New Orleans On the eve of the subprime meltdown in 2007 in Orange County, I met with a co-founder and the new CEO, general counsel, and some of the board members of the high flying mortgage player, New Century, along with several ACORN leaders from California, and ACORN’s national housing directors. We listened to crazy talk about algorithms that masked as risk assessment, the fact that half of their multi-gazillion loan portfolio involved so-called “stated income” loans (now more popularly known as “liar’s loans”), and their weak claims of having turned a few cases of fraud perpetrating brokers over to legal authorities. Months later their whole house of cards came falling down on top of their borrowers and started the domino fall of the housing industry trigger the Great Recession.
But, the only time the CEO’s head snapped around sharply and there was an immediate agreement in the meeting that there would be immediate action came when we confronted them with the compensation schemes of their Texas-based brokers that gave the broker network huge incentives to close the loans no matter what the terms to fuel their numbers machines no matter how soggy the stuff. Immediately he got the fact that the broker network was out of control. He didn’t immediately confess that their algorithms were equally bogus, but he must have now it. Mike Shea with our housing corporation once again made the point that in negotiations after negotiations with Ameriquest, CitiMortgage, and others, a disproportionate part of the predatory swamp of subprimes outfits was knee deep because they relied on broker networks that were often independent and always inadequately controlled and supervised. Brokers were the boiler rooms running the mortgage scams that brought down the housing market.

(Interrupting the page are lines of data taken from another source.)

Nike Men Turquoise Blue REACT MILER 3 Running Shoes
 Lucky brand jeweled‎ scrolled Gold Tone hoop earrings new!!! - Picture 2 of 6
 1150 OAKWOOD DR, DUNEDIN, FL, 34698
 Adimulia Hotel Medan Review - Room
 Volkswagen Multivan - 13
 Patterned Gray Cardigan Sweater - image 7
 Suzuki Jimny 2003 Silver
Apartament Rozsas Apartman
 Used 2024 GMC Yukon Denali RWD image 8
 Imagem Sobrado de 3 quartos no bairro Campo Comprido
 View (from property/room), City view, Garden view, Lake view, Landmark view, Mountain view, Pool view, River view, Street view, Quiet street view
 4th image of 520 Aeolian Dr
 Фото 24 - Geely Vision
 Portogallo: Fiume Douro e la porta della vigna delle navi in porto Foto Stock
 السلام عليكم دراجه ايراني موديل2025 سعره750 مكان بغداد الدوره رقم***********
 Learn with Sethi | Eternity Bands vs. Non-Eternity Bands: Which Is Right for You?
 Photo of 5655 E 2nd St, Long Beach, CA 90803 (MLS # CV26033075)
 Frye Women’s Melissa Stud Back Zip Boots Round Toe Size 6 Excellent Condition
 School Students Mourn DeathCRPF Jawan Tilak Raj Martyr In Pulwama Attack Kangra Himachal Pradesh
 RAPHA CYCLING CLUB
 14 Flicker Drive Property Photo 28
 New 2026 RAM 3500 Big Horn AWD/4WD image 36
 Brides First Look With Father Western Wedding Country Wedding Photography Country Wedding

Last week the Consumer Financial Protection Bureau (CFPB) issued its last draft rules with one that supposedly barred brokers from being paid incentives to push consumers into higher priced, unaffordable loans…the same thing that snapped New Century’s CEO’s head almost off of his neck. According to the Wall Street Journal, the CFPB backed away from more aggressive proposals to restrict fees, which is a sure sign that this problem will be back, like a bad penny. As soon as I read quotes from the American Bankers Association and the Mortgage Bankers Association, I could see the red flags flying that we were getting fleeced again big time.
It seems that brokers, many of who are licensed by the states in a process that is most reminiscent of sending in five bucks to the Universal Life church to become a minister, can still be paid crazy fees for “high-cost abusive loans” as long as they “received the same fee for all loans.” OMG! Are you kidding me? I can see the signs coming out on store fronts in lower income and working neighborhoods all over America offering people quick fixes at high dollar amounts to become home owners “at any cost!” Within no time, they could crowd out pay day lenders and check cashing stores from strip malls in our communities.
This was a tragic giveaway. Let’s hope as the disaster breaks out, the CFPB will take more seriously the “consumer protection” part of its name rather than the “financial bureau” part that leans towards the banker buddies at the first whisper of wind. In the meantime it will be left to the states to try to do better, but it goes without saying that that’s going to be hard and thankless work that no one really has the capacity to do these days.